Where would one learn how to be a 4-H leader?
The Broward County Extension Education office is the first point of contact, where staff is available to support volunteers. After completing the screening process, volunteers are enrolled and placed on the 4-H leaders' mailing list. Orientation is provided to new, qualified volunteers (so no previous experience is necessary). Leaders are also invited to special training meetings and provided with the materials needed to conduct 4-H club meetings. An experienced leader may also assist a new volunteer through our Volunteer Mentor Program. To volunteer, contact Broward County Extension at 954-357-5270.

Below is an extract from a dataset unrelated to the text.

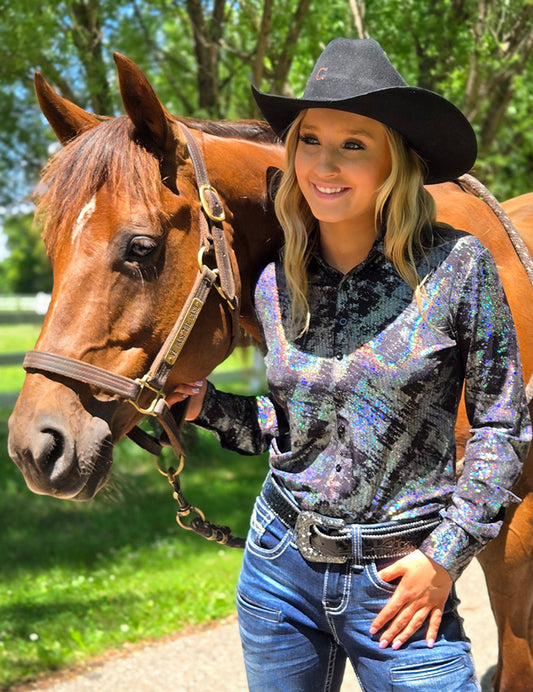 Pullover Button Up (Iridescent Chrome Swishes Over Black Lightweight Jersey)Cowgirl Tuff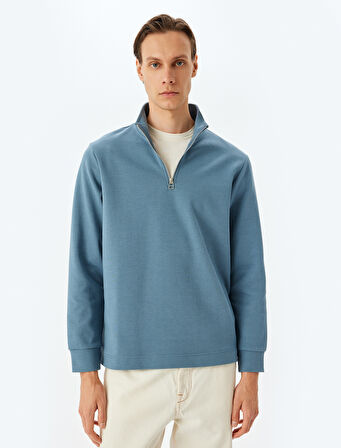 Uzun Kollu Pamuklu İnterlok Kumaş Basic Yarım Fermuarlı Sweatshirt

What's expected of 4-H parents?
Children need parental encouragement to get them started in 4-H and to keep them involved in the program in later years. Parents can help by sharing, preparing, being there, and caring.

Sharing: Provide encouragement and take interest in 4-H projects and activities. Listen, look, and offer suggestions, but avoid the temptation to take over and do things. Children learn by their mistakes, as well as successes.

Preparing: Help children understand the value of doing projects, having duties in the club, and following through on responsibilities as expected by others.

Being there: Children gain more from 4-H by attending meetings regularly and getting involved in 4-H activities. Parents are welcome at meetings and are encouraged to stay and observe. They are also encouraged to lend a hand whenever possible but also to remember that 4-H clubs are for kids.

Caring: Arrange to participate whenever possible. Parents' presence shows the child that what he or she is doing is very important.